Electron-induced structural changes in flax fiber reinforced PLA/PCL composites, analyzed using the rule of mixtures

Abstract

The paper presents the effect of electron treatment on the various properties of flax fibers (20 wt%; 5 mm in length) reinforced PLA/PCL (70:30) composites. To enhance the intensity of the electron-induced cross-linking reactions, triallyl isocyanurate (TAIC) as a cross-linking agent was also added (up to 3 wt%). The composites were manufactured by conventional extrusion, granulation, and injection molding techniques, and then electron irradiated at doses of up to 60 kGy. The structural changes were determined using mechanical testing (tensile strength, impact strength, dynamic mechanical analysis), gel content analysis, thermogravimetry, and differential scanning calorimetry (DSC). The modified composites were also subjected to enzymatic biodegradation and industrial composting.

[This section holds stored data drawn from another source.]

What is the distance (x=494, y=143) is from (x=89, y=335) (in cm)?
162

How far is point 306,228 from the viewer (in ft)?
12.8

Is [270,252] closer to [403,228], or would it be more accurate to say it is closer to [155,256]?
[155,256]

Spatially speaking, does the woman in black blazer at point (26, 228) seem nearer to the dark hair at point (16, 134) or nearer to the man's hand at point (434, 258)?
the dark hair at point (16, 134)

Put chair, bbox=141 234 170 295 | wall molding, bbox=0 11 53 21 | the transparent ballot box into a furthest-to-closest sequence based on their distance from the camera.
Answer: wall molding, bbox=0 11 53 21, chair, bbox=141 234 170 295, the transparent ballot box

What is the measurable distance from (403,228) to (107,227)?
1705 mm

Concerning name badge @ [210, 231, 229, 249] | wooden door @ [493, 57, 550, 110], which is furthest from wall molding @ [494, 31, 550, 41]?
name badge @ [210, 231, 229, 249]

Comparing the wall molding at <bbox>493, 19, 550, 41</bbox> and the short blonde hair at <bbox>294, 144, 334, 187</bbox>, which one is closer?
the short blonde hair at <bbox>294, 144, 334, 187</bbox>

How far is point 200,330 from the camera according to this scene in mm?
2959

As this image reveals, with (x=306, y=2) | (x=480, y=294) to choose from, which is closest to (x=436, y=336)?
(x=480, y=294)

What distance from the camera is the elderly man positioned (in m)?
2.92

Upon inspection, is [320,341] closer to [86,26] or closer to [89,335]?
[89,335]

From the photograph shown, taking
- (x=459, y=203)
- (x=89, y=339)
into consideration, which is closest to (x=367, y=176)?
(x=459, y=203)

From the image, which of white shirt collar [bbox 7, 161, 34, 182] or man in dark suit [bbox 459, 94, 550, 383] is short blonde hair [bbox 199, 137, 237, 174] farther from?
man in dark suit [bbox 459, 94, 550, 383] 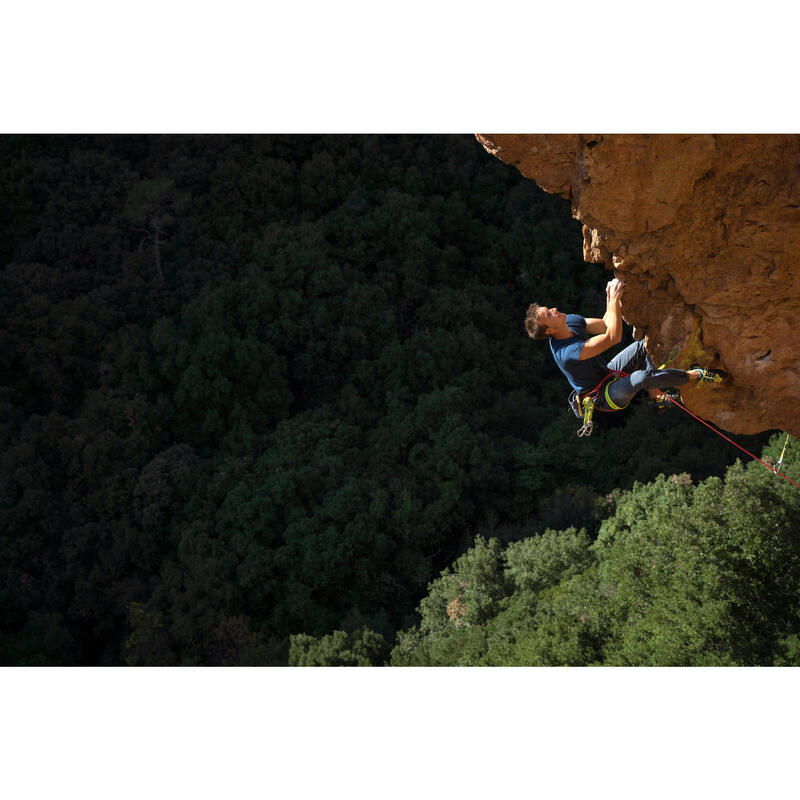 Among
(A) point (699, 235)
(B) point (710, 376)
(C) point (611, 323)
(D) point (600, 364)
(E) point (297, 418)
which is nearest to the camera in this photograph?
(C) point (611, 323)

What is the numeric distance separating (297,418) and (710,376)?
10.6m

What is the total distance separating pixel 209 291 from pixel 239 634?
23.7 ft

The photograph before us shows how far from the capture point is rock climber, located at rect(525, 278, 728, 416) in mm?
5605

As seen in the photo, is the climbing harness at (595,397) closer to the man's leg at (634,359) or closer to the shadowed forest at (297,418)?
the man's leg at (634,359)

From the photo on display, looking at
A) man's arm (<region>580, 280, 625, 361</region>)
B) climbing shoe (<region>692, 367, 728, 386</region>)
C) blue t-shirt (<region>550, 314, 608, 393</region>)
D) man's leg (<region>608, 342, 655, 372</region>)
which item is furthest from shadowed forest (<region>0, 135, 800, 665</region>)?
man's arm (<region>580, 280, 625, 361</region>)

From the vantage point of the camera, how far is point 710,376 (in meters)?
Result: 6.52

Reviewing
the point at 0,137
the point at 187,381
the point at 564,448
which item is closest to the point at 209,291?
the point at 187,381

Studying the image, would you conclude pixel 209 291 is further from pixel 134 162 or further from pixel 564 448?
pixel 564 448

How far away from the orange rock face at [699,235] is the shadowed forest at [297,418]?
4.08 meters

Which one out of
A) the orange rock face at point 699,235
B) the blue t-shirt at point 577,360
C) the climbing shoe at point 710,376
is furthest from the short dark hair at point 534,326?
the climbing shoe at point 710,376

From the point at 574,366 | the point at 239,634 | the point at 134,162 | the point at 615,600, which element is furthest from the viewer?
the point at 134,162

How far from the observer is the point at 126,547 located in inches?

An important novelty aspect of the presented research, additionally to the new material composition, is the use of the rule of mixtures in the assessment of the effect of electron treatment on the interfacial interactions of dispersed PCL in the continuous phase of PLA, in the presence of flax fibers. PCL was dispersed in the PLA phase with an average phase size of a few micrometers. Based on the rule of mixtures, it was found that without TAIC, the predominantly degraded PLA phase-initiated cross-linking of the dispersed PCL phase, contributing to the interphase adhesion enhancement reflected in improved mechanical properties. To apply this model, it was required to refer to the previously published results of analogous composites with homopolymer matrix (PLA or PCL). • PCL was an effective impact modifier of flax fiber reinforced PLA /PCL composites. • The continuous phase was PLA with small-size 5 µm PCL lamellar inclusions. • Electron radiation increased the tensile strength and modulus of elasticity. • Effects of electron radiation were elucidated using the rule of mixtures. • The adhesion between PLA and PCL phases improved as a result of electron treatment.